[Problem to solve]:
Which lines of the material contain the word "blue"? Show each one.

• • •

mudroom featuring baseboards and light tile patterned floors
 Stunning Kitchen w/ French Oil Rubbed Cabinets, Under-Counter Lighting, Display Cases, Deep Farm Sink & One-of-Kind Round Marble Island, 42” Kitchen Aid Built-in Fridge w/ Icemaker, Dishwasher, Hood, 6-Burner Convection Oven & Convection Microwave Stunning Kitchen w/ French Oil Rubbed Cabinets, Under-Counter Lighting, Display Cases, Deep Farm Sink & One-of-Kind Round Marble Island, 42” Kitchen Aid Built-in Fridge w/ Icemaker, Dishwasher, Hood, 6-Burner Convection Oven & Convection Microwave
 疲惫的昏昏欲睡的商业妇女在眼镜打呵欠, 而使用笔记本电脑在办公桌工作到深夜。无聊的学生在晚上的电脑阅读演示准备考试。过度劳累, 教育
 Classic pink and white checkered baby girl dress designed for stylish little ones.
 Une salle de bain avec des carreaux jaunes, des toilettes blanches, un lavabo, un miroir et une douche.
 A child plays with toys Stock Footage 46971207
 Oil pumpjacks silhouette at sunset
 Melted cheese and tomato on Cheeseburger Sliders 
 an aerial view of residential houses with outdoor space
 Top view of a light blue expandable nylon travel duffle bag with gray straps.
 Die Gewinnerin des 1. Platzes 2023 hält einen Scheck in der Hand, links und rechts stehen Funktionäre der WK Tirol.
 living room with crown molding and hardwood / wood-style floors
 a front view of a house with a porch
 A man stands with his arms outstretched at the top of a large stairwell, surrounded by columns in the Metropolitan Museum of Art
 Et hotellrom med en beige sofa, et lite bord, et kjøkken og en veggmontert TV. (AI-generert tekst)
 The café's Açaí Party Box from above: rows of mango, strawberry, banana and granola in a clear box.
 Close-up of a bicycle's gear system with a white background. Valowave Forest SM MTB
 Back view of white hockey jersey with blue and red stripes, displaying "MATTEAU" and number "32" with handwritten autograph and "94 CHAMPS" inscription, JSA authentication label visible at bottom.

• • •

[Problem solution]:
 Top view of a light blue expandable nylon travel duffle bag with gray straps.
 Back view of white hockey jersey with blue and red stripes, displaying "MATTEAU" and number "32" with handwritten autograph and "94 CHAMPS" inscription, JSA authentication label visible at bottom.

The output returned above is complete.